Bagi pecinta alam di wilayah Purwokerto dan Banyumas, air terjun sering dijadikan target sebagai bagian dari latihan navigasi gunung hutan. Biasanya, mereka melakukannya dengan membaca peta topografi. Kemudian secara bersama-sama mencari titik koordinat yang dicurigai sebagai air terjun.
Sebuah air terjun akan terlihat di peta topografi ketika ada kontur-kontur berbentuk V yang rapat dan ada garis putusnya. Kontur V adalah punggungan dan garis putus adalah sungai. Di situlah biasanya ada air terjun. “Kalau ada punggungan dengan panjang 100 meter, lalu ada daerah curam dengan tinggi 50 meter, biasanya itu curug,” kata penggiat lingkungan dan pecinta alam Purwokerto, Prastowo Harso Utomo.
Prastowo menyatakan sudah menjadi kelaziman bagi pecinta alam khususnya yang sering bermain di sabuk Gunung Slamet guna mencari air terjun yang masih perawan. “Ternyata memang masih banyak. Namun, untuk mencapainya butuh petualangan kecil alias harus turun lembah dan menaiki punggungan,” ujarnya.
Ia menambahkan, bersama pecinta lingkungan lainnya seringkali menemukan curug atau air terjun yang cukup jauh masuk ke hutan. “Saya yakin, pemerintah pun belum pernah melakukan survei sampai daerah itu, karena air terjunnya terletak di ketinggian sekitar 1.500 meter di atas permukaan laut (mdpl) dan jarak dari desa terakhir sebelum hutan sekitar satu jam perjalanan,” katanya.
Air terjun yang masih benar-benar perawan itu memang cukup sulit dijangkau. Tetapi sudah banyak air terjun yang dapat dinikmati karena lokasinya cukup terjangkau, sebab dari jalan raya tidak terlalu jauh. Sebut saja Curug Gede yang terletak di Baturraden, kemudian Curug Cipendok di Cilongok dan Curug Ceheng di Sumbang. Semuanya dapat terjangkau walaupun mereka yang datang masih harus berjalan kaki menuruni lembah.
Di Lokawisata Baturraden, salah satu andalannya adalah air terjun. Sebab, di tempat itu ada air terjun Gumawang. Berbeda dengan air terjun di dalam hutan, curug yang ada kawasan wisata Baturraden sudah sangat akrab oleh para pelancong. Di tempat itu juga ada anak-anak kecil yang rela terjun dari puncak ke bawah dengan ketinggian 15 meter.
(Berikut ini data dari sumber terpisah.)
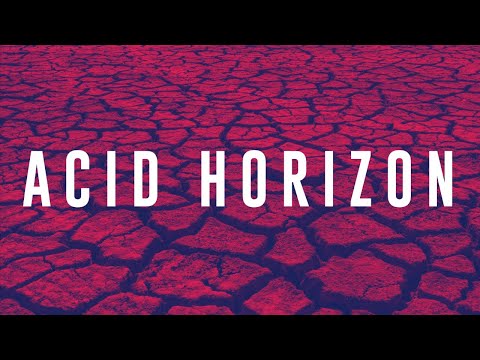 Acid Horizon presents Concepts in Focus: The Body without Organs, Part 1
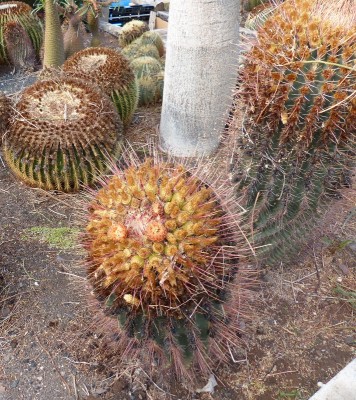 Ferocactus rectispinus (711x800).jpg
Hanya saja anak-anak itu baru mau terjun kalau ada orang yang melemparkan uang di Sungai Gumawang. Lantas secara berebutan mereka akan terjun dan mencarinya di dasar sungai.
Hanya sekitar 3 km dari Lokawisata Baturraden, ada lagi air terjun yang dinamakan Curug Gede. Tempat itu menjadi favorit bagi anak-anak muda terutama pada Sabtu dan Minggu. Bahkan, sering dijadikan tempat untuk sesi pemotretan pre wedding bagi warga di Purwokerto dan sekitarnya. “Tempatnya memang mengasyikan. Karena meski panas matahari mencapai puncaknya, di Curug Gede tetap sejuk karena di sisi kanan dan kiri ditumbuhi pepohonan rindang,” kata Finny Violina, mahasiswi Unsoed yang mengaku sering ke tempat itu.
Curug Gede memang belum dijadikan sebagai objek wisata resmi yang ditarik restribusi, sehingga para pengunjung yang datang hanya menyediakan uang parkir saja. Yang telah digarap, tetapi belum maksimal adalah Curug Ceheng yang terletak di Kecamatan Sumbang, Banyumas. Tempat itu telah dijadikan objek wisata dengan uang retribusi masuk sangat murah, hanya Rp 2.000 per orang sudah termasuk biaya parkir kendaraan.
Untuk sampai ke curug tersebut, mereka yang datang harus turun ke lembah dengan kedalaman sekitar 100 meter (m). Agar dapat menikmati Curug Ceheng, pengunjung harus melewati batu-batu yang telah tertata. Baru setelah turun ada tanah cukup lapang untuk menikmati indahnya air terjun.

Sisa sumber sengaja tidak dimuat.